2021  Google Switch Transformer — 1.6T parameter MoE model
2022  Google GLaM — 1.2T parameters, competitive with GPT-3
2023  Mixtral 8x7B — open-source MoE, practical deployment
2024  DeepSeek-V3 — 671B total, 37B active, $5.5M training cost

The 2021–2024 acceleration is driven by two forces: inference cost becoming the dominant expense in deployed systems, and hardware becoming fast enough to make the routing overhead negligible.

30.2 MoE Architecture

30.2.1 Where MoE Lives in the Stack

The change from Transformer to MoE is surgical. Only one component changes per block:

Standard Transformer Block:
  Input
    ↓
  Self-Attention
    ↓
  FFN (dense)   ← this becomes MoE
    ↓
  Output

MoE Transformer Block:
  Input
    ↓
  Self-Attention
    ↓
  MoE Layer     ← router + N expert FFNs
    ↓
  Output

Everything else — the Attention mechanism, residual connections, LayerNorm, positional encoding — stays the same.

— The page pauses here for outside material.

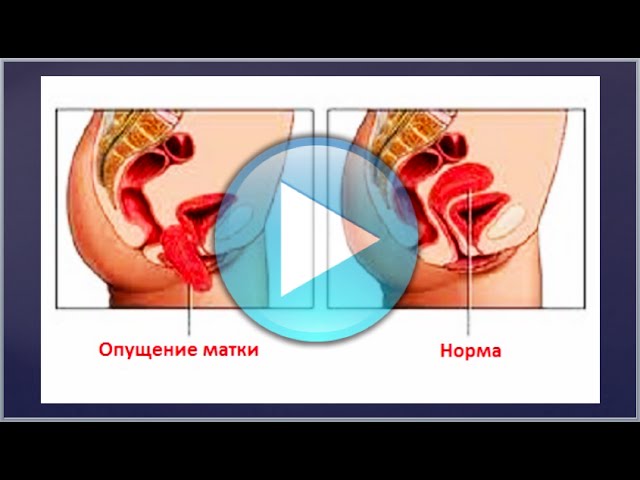 Ответы Доктора Малко (Часто задаваемые вопросы)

30.2.2 Inside the MoE Layer

An MoE layer has two components:

1. Router: a small linear layer that maps the token's hidden representation to a probability distribution over experts.

2. Expert networks: N independent FFNs, each with its own weights.

MoE Layer internals:

  x (hidden_size)
      ↓
  ┌──────────────┐
  │   Router     │  Linear(hidden_size → num_experts) + Softmax
  └──────┬───────┘
         ↓
  ┌──────────────┐
  │  Top-K Gate  │  Keep only the K highest-probability experts
  └──────┬───────┘
         ↓
  Selected K experts receive x:
  ┌────┬────┬────┬────┬────┬────┬────┬────┐
  │ E0 │ E1 │ E2 │ E3 │ E4 │ E5 │ E6 │ E7 │   (8 experts total)
  └────┴────┴────┴────┴────┴────┴────┴────┘
         ↓        ↓
  Only selected experts compute.

  Output = weighted sum of selected expert outputs

30.2.3 Router Mechanics

The router is a single linear layer followed by softmax:

# Input: x, shape = (batch_size, seq_len, hidden_size)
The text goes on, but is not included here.